Vale la pena, quindi, fare il punto della situazione.

Ancor prima dell’entrata in vigore del Codice degli Appalti, il Legislatore nazionale, al fine di

archiviare la procedura d’infrazione n. 2110/2003 aperta dalla Commissione contro la Repubblica

italiana, era intervenuto con l’art. 23 l. 18 aprile 2005, n. 62 prevedendo al comma 2 che “I contratti

per acquisti e forniture di beni e servizi, già scaduti o che vengano a scadere nei sei mesi successivi

alla data di entrata in vigore della presente legge, possono essere prorogati per il tempo necessario

alla stipula dei nuovi contratti a seguito di espletamento di gare ad evidenza pubblica a condizione

che la proroga non superi comunque i sei mesi e che il bando di gara venga pubblicato entro e non

oltre novanta giorni dalla data di entrata in vigore della presente legge”.
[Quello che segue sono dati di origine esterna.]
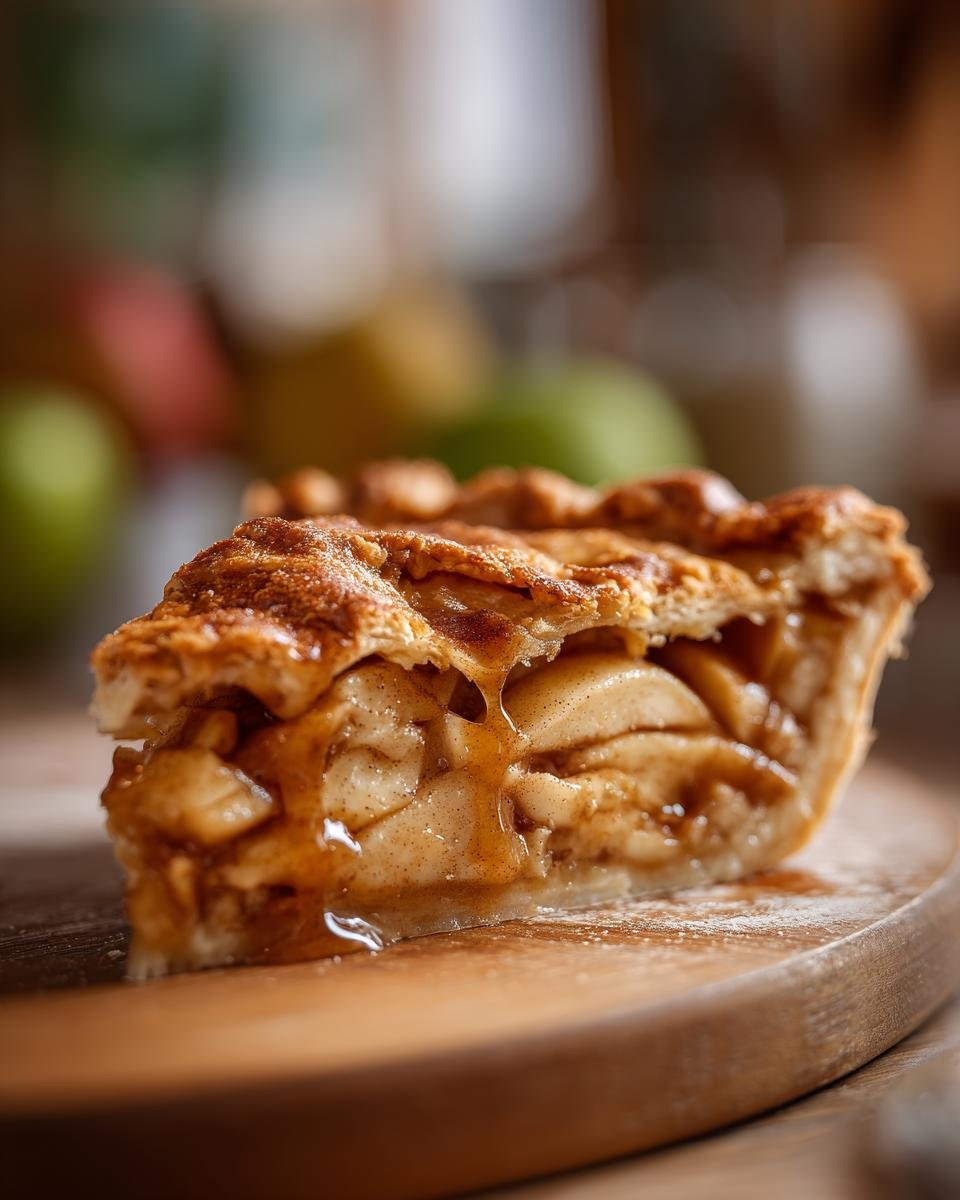 Close-up of a delicious slice of Apple Slab Pie showing thick apple filling and gooey caramel sauce.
A tale disposizione la giurisprudenza amministrativa ha attribuito, immediatamente, portata

generale, osservando che la precedente normativa era da ritenersi “incompatibile con i principi di

libertà di stabilimento e di prestazione dei servizi cristallizzati negli artt. 43 e 49 del Trattato CE”,

di talché al divieto di rinnovo e/o proroga da poco introdotto, andava considerato “quale canone

ermeneutico alla stregua del quale risulta inammissibile qualsiasi disposizione che si risolva, di

fatto, nell’elusione del divieto di rinnovazione dei contratti pubblici” (Consiglio di Stato, Sez. IV,

31 ottobre 2006 n. 6458).

Successivamente, il codice degli appalti, per venire incontro alle esigenze della PP.AA., con l’art.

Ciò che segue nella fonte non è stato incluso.